No Access every few days

LazeX7

New Member
Jul 13, 2024
22
1
3
Hello,

I'm running Proxmox on the following machine:

HP Elite Mini 400 G4
RAM: 32GB
storage: 1TB
CPU: Intel i5 12000 something

It is running for a while no, without any issues but all of a sudden I lose connection to the whole machine every few days.
Now, rebooting the system will fix it for a few days, but after that there is no connection anymore.

It runs a few VM's so it's really annoying that this happens, I can't really figure out what the problem is.
Is there any logs I can access to see what is wrong? I can't really connect it to a monitor to see if anything changes.

Here is what I foud while troubleshooting:
1. Ehternet cable is not broken or something. The LED indicators on the machine and on the switch the machine is connected to are on.
2. I can ping the machine, but can't access the webinterface. see screenshot:
1721838013498.png
3. after rebooting, it alway works for a few days.
1721838402184.png
4. It happens randomly.
5. The only thing that changed is the switch i'm using. I'm now using a Unifi Pro Max 16 switch. But nothing is there in the logs.

Does anyone has this issue too?
 
When it goes offline, have you tried if you can still reach it via SSH?
Do the VMs/containers that run on proxmox also go offline / become unreachable after the interface becomes unreachable?
If you go to the proxmox-node/-server (2nd item on the left) and then to the logs, are there any warnings in the last 5-10 minutes before the reboot?
 
When it goes offline, have you tried if you can still reach it via SSH?
Do the VMs/containers that run on proxmox also go offline / become unreachable after the interface becomes unreachable?
If you go to the proxmox-node/-server (2nd item on the left) and then to the logs, are there any warnings in the last 5-10 minutes before the reboot?
Thanks for your reply, my anwser below:

1. All VM's become unreachable.
2. Did not try it via SSH yet.
3. I don't know if this is helpfull, but when i go to system logs on the node is see the following arround the time the machine became unreachable I'm not a expert so i don't really see a issue here.

But the strange thing i DID noticed was the following:
Jul 24 16:39:02 proxmox pvedaemon[798088]: <root@pam> successful auth for user 'root@pam' and then a reboot.

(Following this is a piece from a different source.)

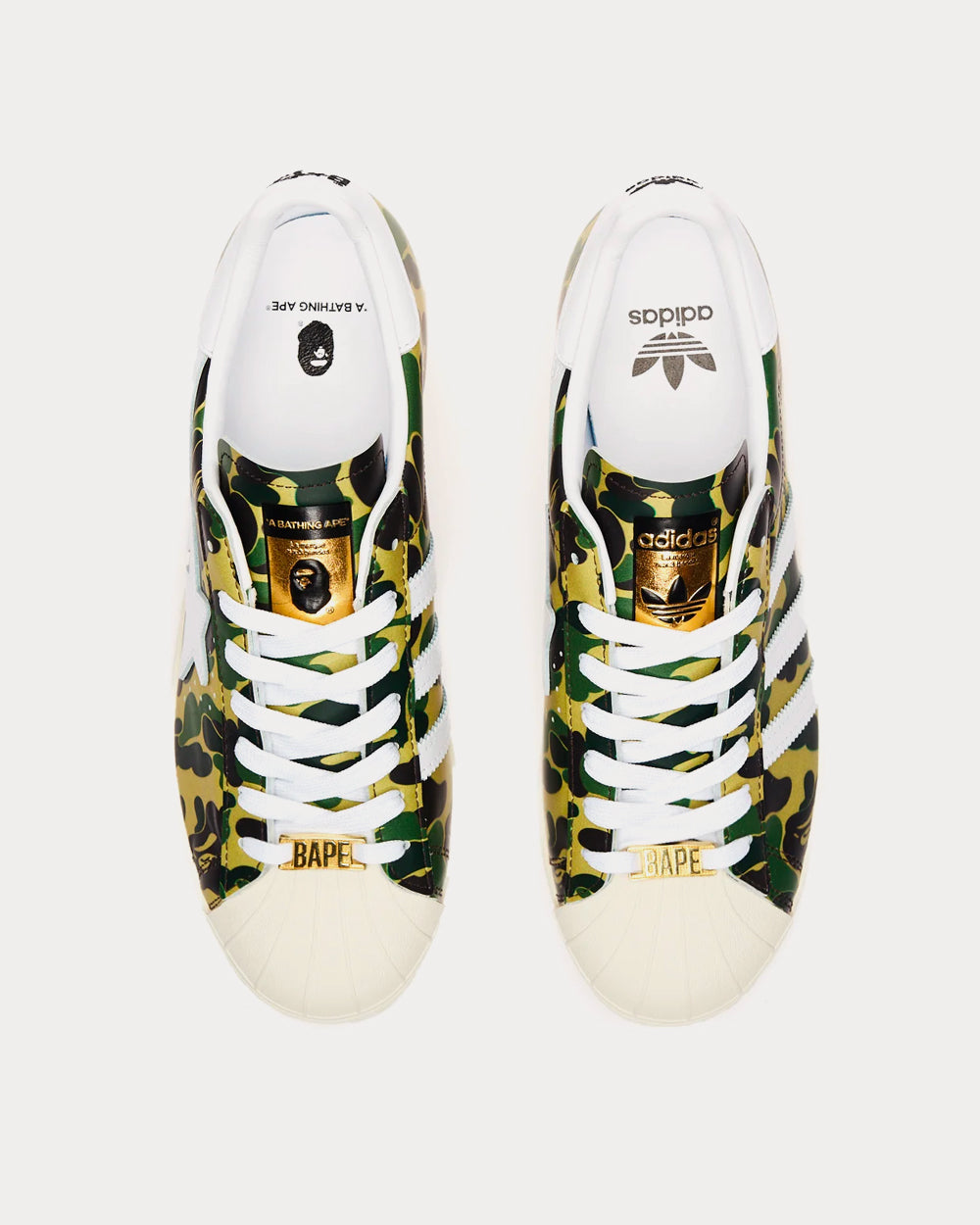 Adidas x BAPE Superstar 80s Off White Ftwwht Goldmt Low Top Sneakers Sneak in Peace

The time isn't possible. I wasn't home, and nobody else than me has access to proxmox!
logs are in the attachment.
 

Attachments

  • Jul 24 162604 proxmox postfixqmgr[9.txt
    296 KB · Views: 5
Those auths are most likely from automatic systems, who also "log in" with root with the local private key.
One things I do notice from the logs, is that it seems to be trying to send you an email for... something... but because you're sending it from a .local address, that is getting blocked by gmail.

Maybe try fixing your notification-setup to see both what it is trying to send and if they might help shine some lights on things.
If you want to send with gmail, maybe take a look at this:
https://gist.github.com/baudneo/04a6e8c42ec4e8f9705824165e6ee0f5
 
Those auths are most likely from automatic systems, who also "log in" with root with the local private key.
One things I do notice from the logs, is that it seems to be trying to send you an email for... something... but because you're sending it from a .local address, that is getting blocked by gmail.

Maybe try fixing your notification-setup to see both what it is trying to send and if they might help shine some lights on things.
If you want to send with gmail, maybe take a look at this:
https://gist.github.com/baudneo/04a6e8c42ec4e8f9705824165e6ee0f5
Thank you very much!! I will do this right away.
 
Those auths are most likely from automatic systems, who also "log in" with root with the local private key.
One things I do notice from the logs, is that it seems to be trying to send you an email for... something... but because you're sending it from a .local address, that is getting blocked by gmail.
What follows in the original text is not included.